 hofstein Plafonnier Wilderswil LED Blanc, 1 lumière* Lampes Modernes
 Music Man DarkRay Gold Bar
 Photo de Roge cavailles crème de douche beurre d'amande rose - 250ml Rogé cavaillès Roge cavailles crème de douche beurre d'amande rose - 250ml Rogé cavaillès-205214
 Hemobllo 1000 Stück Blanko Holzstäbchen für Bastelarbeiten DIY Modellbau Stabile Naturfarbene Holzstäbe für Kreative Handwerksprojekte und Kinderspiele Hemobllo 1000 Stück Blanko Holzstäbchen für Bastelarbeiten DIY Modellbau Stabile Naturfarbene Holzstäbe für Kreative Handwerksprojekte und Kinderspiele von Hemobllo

-----

◆ Work item: Please give back every line of the listing exactly as it stands.

◆ Written reply:
 hofstein Plafonnier Wilderswil LED Blanc, 1 lumière* Lampes Modernes
 Music Man DarkRay Gold Bar
 Photo de Roge cavailles crème de douche beurre d'amande rose - 250ml Rogé cavaillès Roge cavailles crème de douche beurre d'amande rose - 250ml Rogé cavaillès-205214
 Hemobllo 1000 Stück Blanko Holzstäbchen für Bastelarbeiten DIY Modellbau Stabile Naturfarbene Holzstäbe für Kreative Handwerksprojekte und Kinderspiele Hemobllo 1000 Stück Blanko Holzstäbchen für Bastelarbeiten DIY Modellbau Stabile Naturfarbene Holzstäbe für Kreative Handwerksprojekte und Kinderspiele von Hemobllo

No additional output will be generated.